Me voici de retour du pays-du-cheddar ! L’Anglais, le Guitariste et moi avions planifié cette escapade depuis deux mois, nous promettant chacun un programme bien particulier. Et les promesses furent tenues ! Voici un résumé de nos aventures.
Arrivée mardi dans un Londres recouvert de coquelicots. Oui, le 11 novembre n’est pas férié de l’autre côté de la Manche, mais on célèbre tout de même la mémoire du brave soldat, britannique ou issu du Commonwealth. Or cette célébration est symbolisée par un coquelicot que portent les passants à la boutonnière – et qui prouve aussi qu’ils ont donné des sous aux bonnes oeuvres des anciens combattants. Longue promenade à pied dans Oxford Street et Regent’s Street, arrêt au pub du côté de Carnaby. Il fait froid, c’est très venteux, et j’ai les joues qui cuisent !
Mercredi le Guitariste part avec son appareil photo en exploration, tandis que l’Anglais et moi nous offrons une journée en amoureux. Marche à pied depuis notre appartement, situé à Barbican, jusqu’à Saint Paul, puis remontée de Fleet Street (mais si, ça doit vous rappeler quelque chose…) et Strand jusqu’à Trafalgar Square et la National Gallery. Nous visitons l’expo Renaissance Faces (article à venir), puis repartons vers la Tamise, bifurquons par le bâtiment des Horse Guards, longeons Saint James’s Park. Descente jusqu’à Westminster et le Parlement à la recherche d’un endroit où manger, avant de nous écrouler dans un pub (photo ci-dessus). Retour à la maison via Regent’s Street et Uniqlo, soirée à l’Eagle, pub assez “branché” avec une carte sympathique (j’en reparlerai sans doute).

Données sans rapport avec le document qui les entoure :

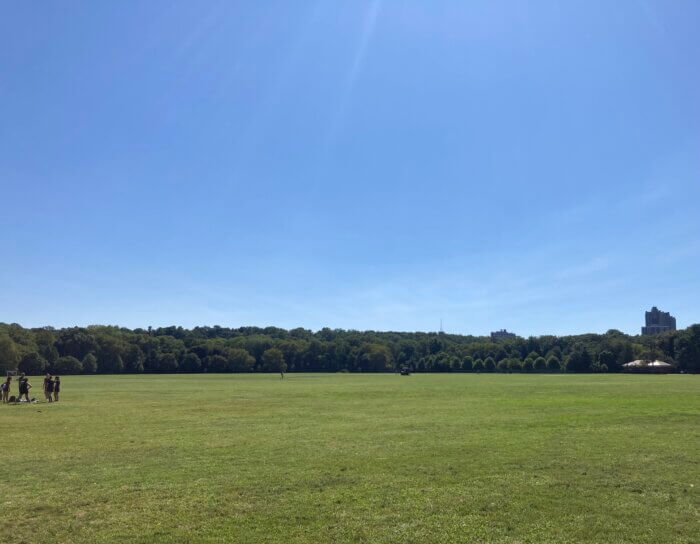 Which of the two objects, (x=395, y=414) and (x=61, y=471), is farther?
(x=395, y=414)

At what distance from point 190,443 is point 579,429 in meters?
14.2

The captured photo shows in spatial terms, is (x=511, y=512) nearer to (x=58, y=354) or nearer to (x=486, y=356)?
(x=58, y=354)

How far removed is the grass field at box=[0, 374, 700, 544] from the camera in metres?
9.71

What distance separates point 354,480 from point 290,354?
17599cm

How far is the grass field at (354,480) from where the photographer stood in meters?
9.71

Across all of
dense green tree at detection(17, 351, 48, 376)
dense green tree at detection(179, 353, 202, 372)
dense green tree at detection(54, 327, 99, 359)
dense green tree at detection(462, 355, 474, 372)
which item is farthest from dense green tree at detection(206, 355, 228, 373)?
dense green tree at detection(462, 355, 474, 372)

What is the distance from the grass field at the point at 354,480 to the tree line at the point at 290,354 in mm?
104843

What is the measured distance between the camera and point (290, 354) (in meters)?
→ 187

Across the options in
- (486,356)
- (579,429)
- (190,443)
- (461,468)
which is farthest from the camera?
(486,356)

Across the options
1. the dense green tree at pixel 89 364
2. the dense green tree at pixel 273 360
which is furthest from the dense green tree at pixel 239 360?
the dense green tree at pixel 89 364

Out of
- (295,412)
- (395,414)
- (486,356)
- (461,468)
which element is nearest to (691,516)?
(461,468)

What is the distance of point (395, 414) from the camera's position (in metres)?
28.2

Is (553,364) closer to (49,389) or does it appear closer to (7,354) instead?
(7,354)

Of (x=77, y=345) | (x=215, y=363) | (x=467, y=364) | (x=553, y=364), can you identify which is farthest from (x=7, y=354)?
(x=553, y=364) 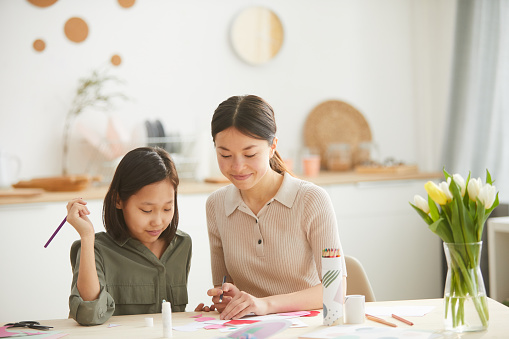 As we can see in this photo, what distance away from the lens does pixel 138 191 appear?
185cm

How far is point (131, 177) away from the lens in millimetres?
1851

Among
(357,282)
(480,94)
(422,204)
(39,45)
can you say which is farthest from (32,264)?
(480,94)

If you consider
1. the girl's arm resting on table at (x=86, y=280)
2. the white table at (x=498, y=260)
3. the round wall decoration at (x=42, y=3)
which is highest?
the round wall decoration at (x=42, y=3)

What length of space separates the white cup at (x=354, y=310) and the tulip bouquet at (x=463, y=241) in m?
0.20

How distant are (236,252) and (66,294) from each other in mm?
1364

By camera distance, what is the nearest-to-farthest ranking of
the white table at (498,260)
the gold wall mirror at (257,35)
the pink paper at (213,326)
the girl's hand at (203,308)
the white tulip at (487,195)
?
the white tulip at (487,195) < the pink paper at (213,326) < the girl's hand at (203,308) < the white table at (498,260) < the gold wall mirror at (257,35)

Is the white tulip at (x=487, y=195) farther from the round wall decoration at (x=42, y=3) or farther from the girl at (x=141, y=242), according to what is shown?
the round wall decoration at (x=42, y=3)

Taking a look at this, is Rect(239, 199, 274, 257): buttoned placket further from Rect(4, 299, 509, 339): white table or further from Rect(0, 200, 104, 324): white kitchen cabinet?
Rect(0, 200, 104, 324): white kitchen cabinet

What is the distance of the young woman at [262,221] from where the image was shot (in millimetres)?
1813

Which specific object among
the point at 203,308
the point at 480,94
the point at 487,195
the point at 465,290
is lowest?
the point at 203,308

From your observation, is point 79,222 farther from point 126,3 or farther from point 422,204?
point 126,3

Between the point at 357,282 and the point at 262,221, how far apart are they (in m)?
0.38

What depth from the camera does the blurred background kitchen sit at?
336 cm

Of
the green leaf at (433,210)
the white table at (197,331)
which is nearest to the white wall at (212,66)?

Jeudi, première virée à Camden pour faire du repérage et les premiers achats. Force est de constater que les vendeurs proposent à peu de chose près les mêmes articles qu’il y a 6 mois ou un an. L’ambiance a un peu changé depuis l’incendie de l’hiver dernier, et nous ne trouvons pas grand-chose à nous mettre sous la dent. Suite des hostilités à Spitalfields, près de l’ancienne demeure de l’Anglais. Le marché s’achève, mais je parviens tout de même à trouver mon bonheur… Je rentre trempée et épuisée pendant que les garçons vont chercher des accessoires à guitare et boire des bières.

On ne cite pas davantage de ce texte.